Au premier coup d’œil,
Édouard eut l’impression de l’avoir déjà vu quelque part… Mais où?
« Tu n’es plus
Narcisse Hill », dit le jeune homme, comme si c’était la chose la plus
naturelle au monde.
« Est-ce qu’on se
connaît? », répondit Édouard.
« Moi, je t’ai vu
à la TV… Mais toi… » Il ferma un œil et le regarda comme à travers le trou
d’une serrure. « Ah! C’est trop drôle! Un client de mon père!
— Un client de… »
Déclic. Le bureau du docteur Lacombe… La photo d’un adolescent aux cheveux
longs, diplôme en main, posée sur le bureau du psychologue.
« Il ne t’a pas
trop aidé, hein? Il est beaucoup moins bon qu’il l’espère. À sa décharge, c’est
vrai que tu ne lui as jamais parlé de tes vrais secrets, n’est-ce pas? »
Édouard avala
difficilement. Félicia lui jeta un regard interloqué avant de revenir sur le
jeune Lacombe. « Tu peux lire ses pensées?!
— Pas que les siennes…
Miss Lytvyn » Félicia tressaillit à la mention de son nom. « Vous deux,
vous n’êtes pas des ennemis. Mais vous travaillez pour eux…
— Quels
ennemis? De qui tu parles?
— Nous avons un
message pour eux. Pour ceux qui drainent notre énergie. Vous allez leur dire de
cesser tout de suite, sans quoi nous serons obligés de le faire nous-mêmes. Et
le résultat risque d’être déplaisant pour tout le monde. »
Félicia ouvrit la
bouche pour rétorquer, mais tout devint flou autour d’eux. En un clin d’œil,
ils se retrouvèrent… ailleurs.
Ils étaient à
l’extérieur, seuls au milieu d’une agora urbaine entourée de bâtiments d’un
style familier. Une pluie drue tombait, à travers laquelle Édouard distingua
les lumières de la ville… De sa ville.
Aucun doute n’était possible : le tracé des gratte-ciels à l’horizon
étaient bien celui de La Cité, le moignon du Hilltown parmi eux.
« Édouard… Nous
sommes dans le Centre-Sud de La Cité…
— Ouais. Place de la
Vieille-Gare, apparemment », dit-il. Le récit de Maude et Nico à
propos de l’étrange culte qui y avait élu domicile lui revint en tête.
« Édouard… J’ai
peur…
— Grouillons-nous de
rejoindre le Centre, alors…
— Ce n’est pas ce que
je voulais dire… Ce type… Il vient de nous transporter par magie, sans procédé,
sans préparation… Et ces passages à travers l’espace… Si ces gens nous en
veulent, nous ne pourrons rien faire pour nous défendre… »
Édouard ne savait pas
quoi répondre.
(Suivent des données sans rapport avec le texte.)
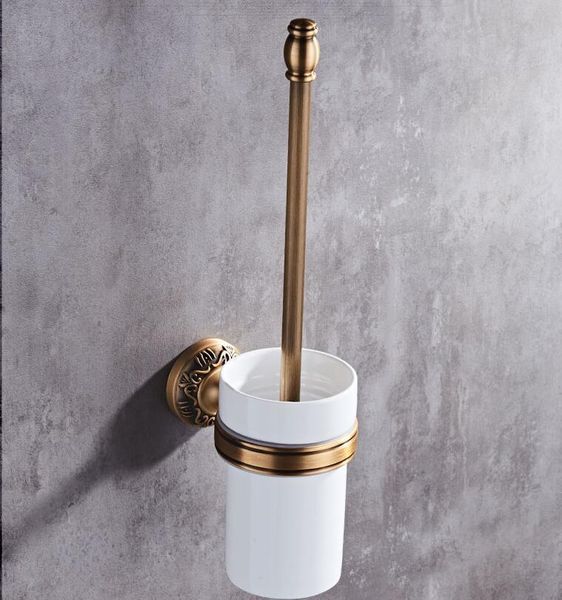Античная бронзовая резная фурнитура для ванной комнаты набор алюминиевые ванны оборудования наборы полотенце, держатель для бумаги туалетной щетки LJ201204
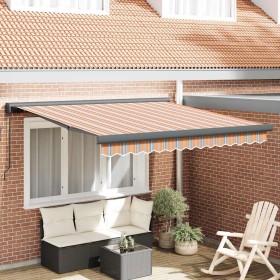 Toldo Retráctil Multicolor 350 x 250 cm Tela, Metal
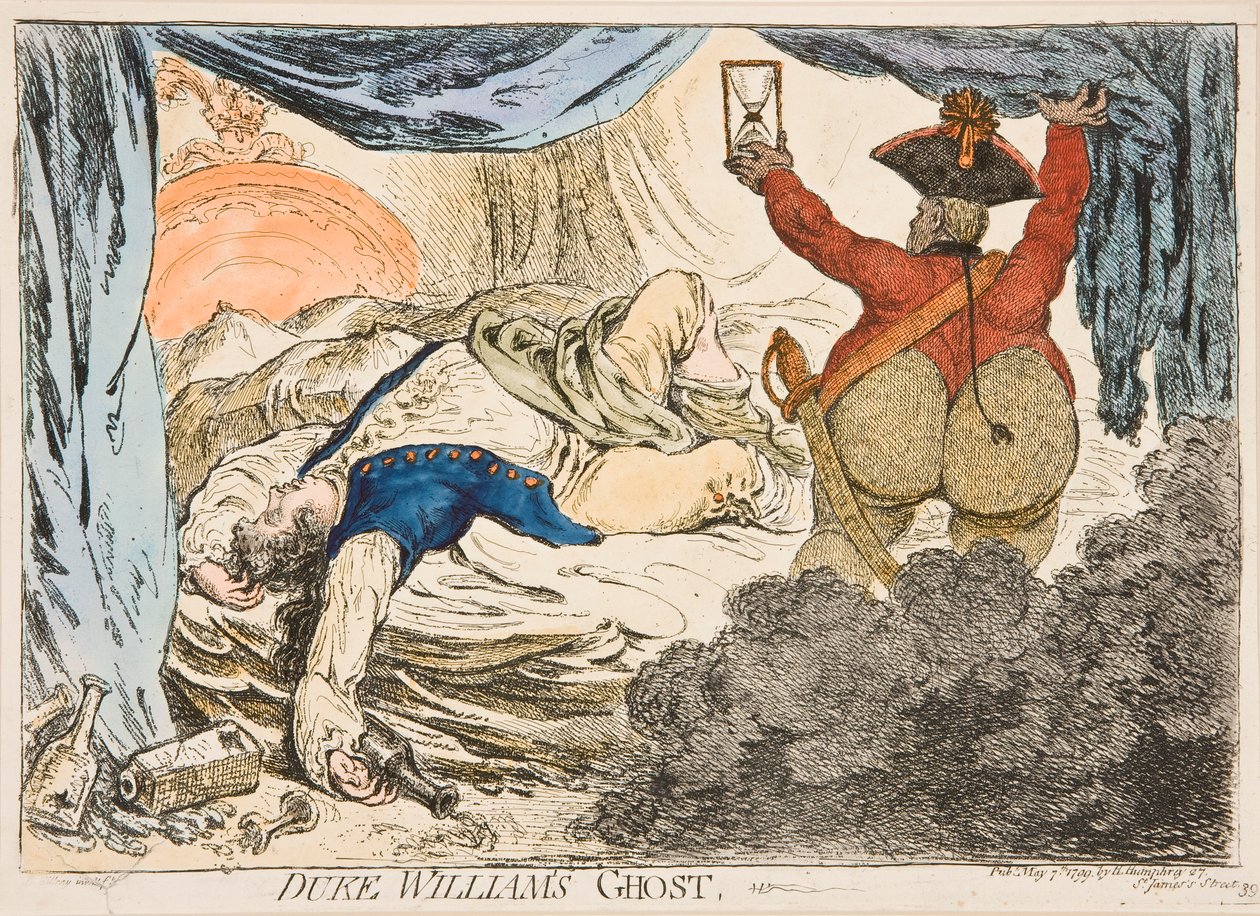 Duch księcia Williama autorstwa James Gillray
Il était tellement au bout du rouleau que la distance jusqu’à
son lit lui paraissait une préoccupation bien plus urgente.
Ils se mirent en
marche vers le nord en longeant les murs, soucieux de ne pas être remarqués. Les
rues du quartier étaient à peu près désertes, sans doute en raison de la pluie.
Ils rejoignirent le Centre sans encombre. Félicia appela un taxi; Édouard s’endormit
sur la banquette avant même qu’elle ait annoncé leur destination.